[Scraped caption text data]
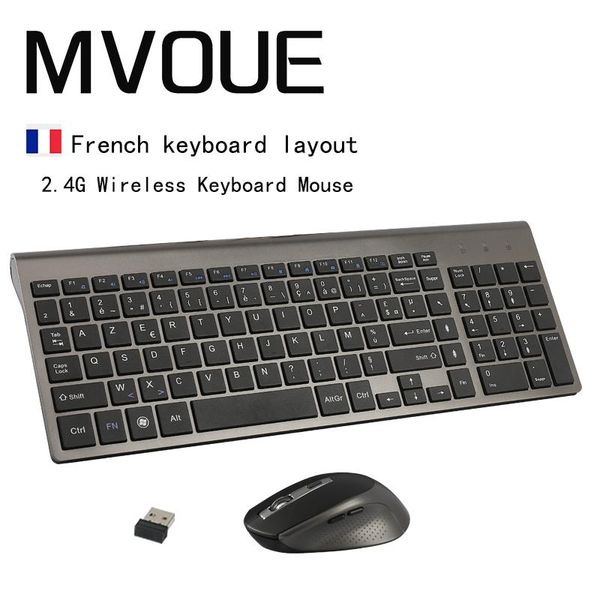 

keyboard mouse combos 2.4ghz wireless thin and mouse, the french layout usb slim with numeric keypad compatible mac windows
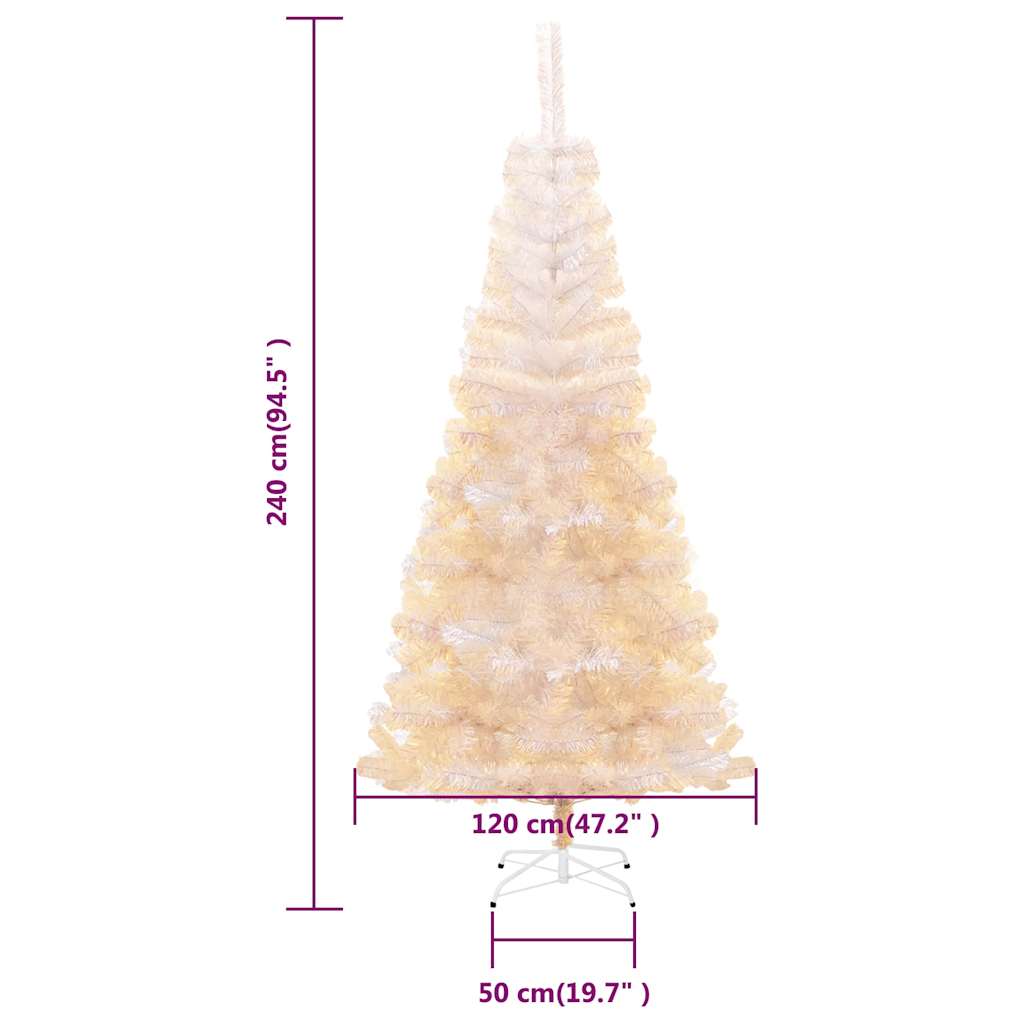 Plastgran med regnbågsskimrande grenar vit 240 cm PVC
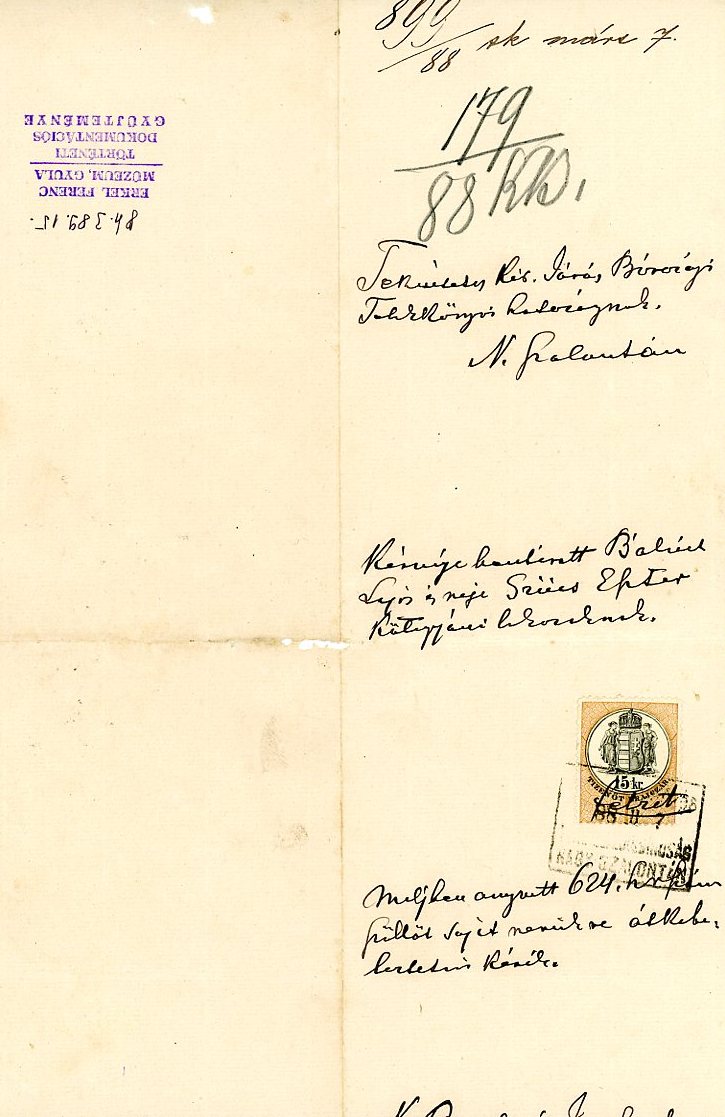 Telekkönyvi kötvény (Erkel Ferenc Múzeum CC BY-NC-SA)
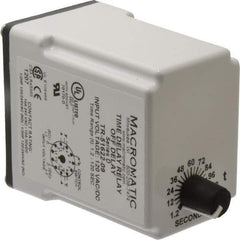 Macromatic - 11 Pin, Multiple Range DPDT Time Delay Relay - 10 Contact Amp, 120 VAC/VDC, Knob - Apex Tool & Supply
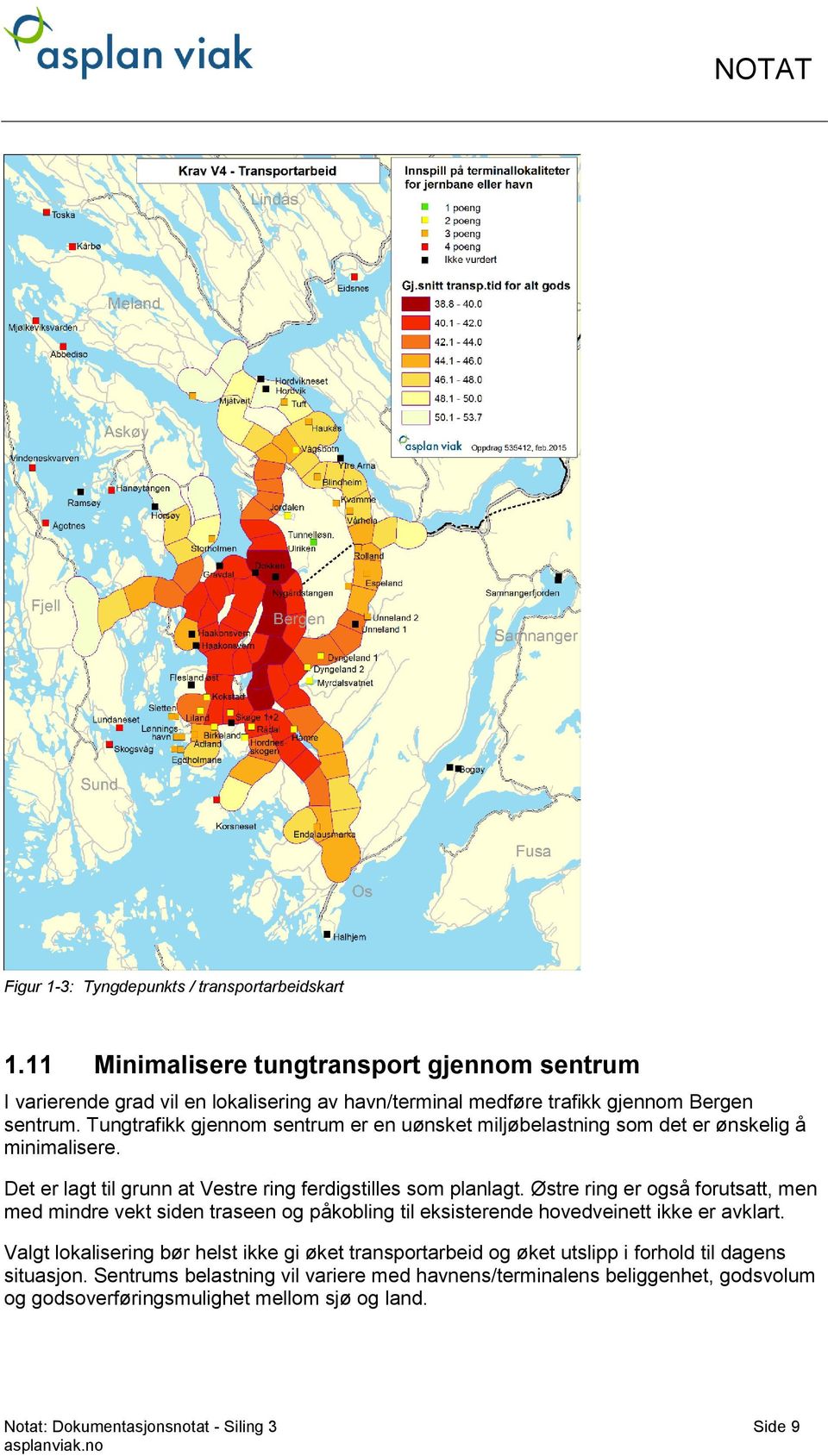 Tungtrafikk gjennom sentrum er en uønsket miljøbelastning som det er ønskelig å minimalisere. Det er lagt til grunn at Vestre ring ferdigstilles som planlagt.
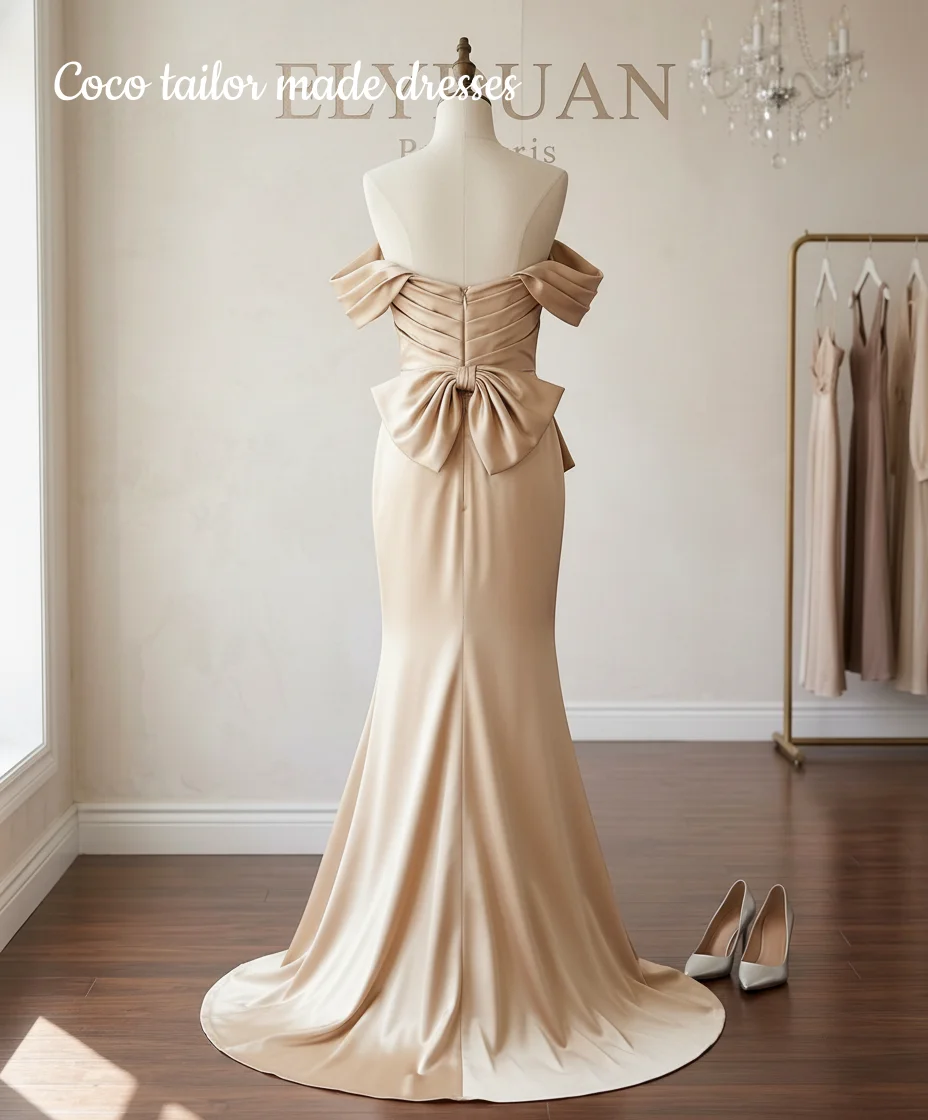 Elegant Champagne Mother Of The Bride Dress Draped Mermaid Evening Gowns Off-Shoulder Wedding Guests Party Dresses Customized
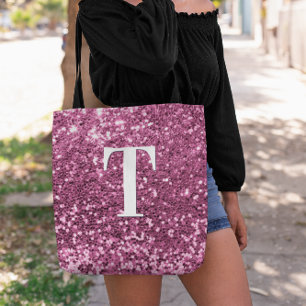 Bolso De Tela Berry Pink Faux Purpurina Bokeh Sparkles Monograma
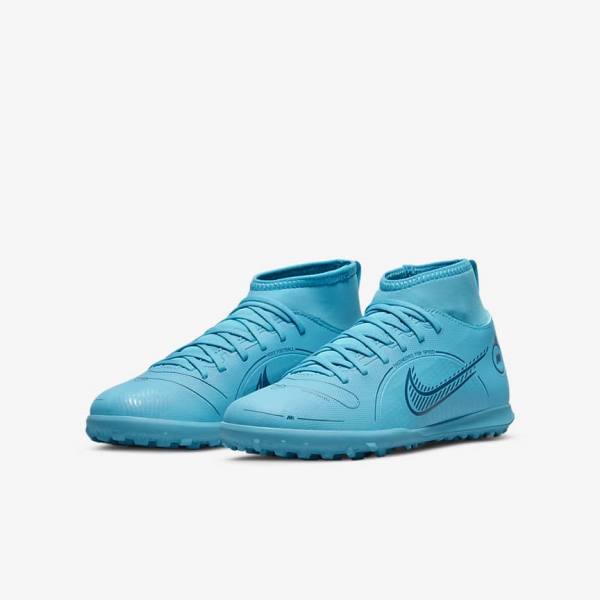 Nike Jr. Mercurial Superfly 8 Club TF Older Turf Otroci Nogometni Čevlji Modra / Oranžna | NK264BMT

Task description —
Beginning with the line that contains "Elegant Champagne Mother" and ending with the last line of the data, restate each line word for word. Exclude the pictures.

Output —
 Elegant Champagne Mother Of The Bride Dress Draped Mermaid Evening Gowns Off-Shoulder Wedding Guests Party Dresses Customized
 Bolso De Tela Berry Pink Faux Purpurina Bokeh Sparkles Monograma
 Nike Jr. Mercurial Superfly 8 Club TF Older Turf Otroci Nogometni Čevlji Modra / Oranžna | NK264BMT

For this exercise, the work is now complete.